Allegedly created by an engineer because his Swiss Army Knife wasn't up to the job as a serious multipurpose tool, the leatherman is a hugely popular toy. Leatherman ownership is generally a pretty good indicator of geek cred (see also geek toys). Primary characteristics: Great pliers, shiny exterior, great density and an array of appendages whose sharpness can only be hinted at by the phrase, "really, really sharp". Popular with sysadmins (see also lart).

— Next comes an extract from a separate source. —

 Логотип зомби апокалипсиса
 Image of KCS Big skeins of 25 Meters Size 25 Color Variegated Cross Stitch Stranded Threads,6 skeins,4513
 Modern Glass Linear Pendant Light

Leathermans are actually manufactured outside of Portland, OR. At their factory you can gaze upon a giant (Golden Gate Bridge Cable Cutting Size) Leatherman. Tip. If you leatherman is broken, send it back. they will not only fix it, but "upgrade it", including handy new features like a cable holder, a slightly better knife etc. Works good to chop up cocaine too (this i have witnessed, much to my disbelief. Sysops, watch your backs. The addicts have more energy and time than you, and need your tool.)

As moa says, they will repair your LeatherMan tool if you send it back, but not forever. The warranty period on most of the models, at the time I recieved mine (December 1997), is 25 years. To determine the manufacture date of your LeatherMan Tool (and thus the length of the warranty), look at the place that the blades fold down onto. There will be a number in the MMYY format. This is the date of manufacture.

The LeatherMan also works very well as a roach clip and for starting cars for which you do not have the key or the key does not work. (Insert medium screwdriver in lock, twist hard.) Much cheaper than just replacing the lock, and that way, it's not a concealed weapon.